New Delhi, June 21: Ulfa leader Anup Chetia’s decision to return to India will be known soon after mediator Rebati Phukan meets him in Dhaka this week.
The possibility of Chetia returning to India and participating in the peace talks now seems real.
Once Phukan meets the Ulfa leader who is in “protective custody” of Bangladesh government, it will be clear when and how Chetia wants to return to his home country.
A formal announcement of a suspension of operations and of willingness for peace talks is probably been held back for Chetia’s decision.
“There is hope that he will return soon,” said a source, who hinted that there were feelers from Chetia that he wanted to join the peace process. “The picture will be clear by Saturday or Sunday,” the source added.
Phukan could not be contacted on his mobile phone.
Sources said one of the reasons Chetia could decide to return to India was that Bangladesh had turned down his application for asylum.

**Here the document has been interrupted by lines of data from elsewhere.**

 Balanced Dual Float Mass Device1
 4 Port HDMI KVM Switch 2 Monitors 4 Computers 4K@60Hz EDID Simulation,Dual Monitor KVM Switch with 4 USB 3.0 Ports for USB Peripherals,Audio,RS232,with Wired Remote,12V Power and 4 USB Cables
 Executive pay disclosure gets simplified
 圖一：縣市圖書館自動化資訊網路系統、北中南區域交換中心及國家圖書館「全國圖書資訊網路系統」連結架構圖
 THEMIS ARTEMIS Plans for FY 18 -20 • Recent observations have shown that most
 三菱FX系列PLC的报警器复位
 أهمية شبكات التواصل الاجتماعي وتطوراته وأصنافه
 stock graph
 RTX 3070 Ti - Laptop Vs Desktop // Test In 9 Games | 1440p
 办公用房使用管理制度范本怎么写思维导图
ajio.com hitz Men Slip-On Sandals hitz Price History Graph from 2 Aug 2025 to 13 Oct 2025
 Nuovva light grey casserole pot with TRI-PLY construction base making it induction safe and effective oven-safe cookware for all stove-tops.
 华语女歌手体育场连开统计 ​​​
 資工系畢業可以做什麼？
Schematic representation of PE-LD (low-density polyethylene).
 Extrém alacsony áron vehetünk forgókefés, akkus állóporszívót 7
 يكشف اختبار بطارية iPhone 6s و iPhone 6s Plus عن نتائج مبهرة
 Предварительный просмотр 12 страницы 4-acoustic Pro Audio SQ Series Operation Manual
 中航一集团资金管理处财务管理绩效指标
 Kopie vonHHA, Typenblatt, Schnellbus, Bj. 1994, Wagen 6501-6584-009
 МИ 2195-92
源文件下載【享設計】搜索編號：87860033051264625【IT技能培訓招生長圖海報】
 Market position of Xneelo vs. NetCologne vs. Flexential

They said Chetia could also attempt to flee to a country like Thailand to seek asylum but Indian security agencies feel that before he attempts to flee, he may be “deported” to India.
However, he has not been deported so far because Dhaka is extremely cautious in dealing with Chetia who was arrested in 1997 in Bangladesh while carrying foreign currency and a satellite phone. Indian authorities said they also had the option of flashing evidence to show that Chetia alias Golap Barua was an Indian citizen to get him deported.
If Phukan is able to convince Chetia to return, then by the weekend the Ulfa may well make a formal announcement of its intent to hold peace talks with the Centre.
It will be after this formality that the joint secretary (North East) in the ministry of home affairs will fly to Guwahati to sign the suspension of operations agreement.
Phukan was last month chosen as a “neutral” person by Ulfa to speak to Chetia. Assam chief minister Tarun Gogoi had also given his consent to Ulfa’s idea of including Chetia in the peace talks.
No sooner than this development takes place, Ulfa commander-in-chief Paresh Barua’s isolation from Assam’s rebel politics would be complete.
Barua is said to be living in Mytkina area in Myanmar, close to the border with China’s Yunnan province.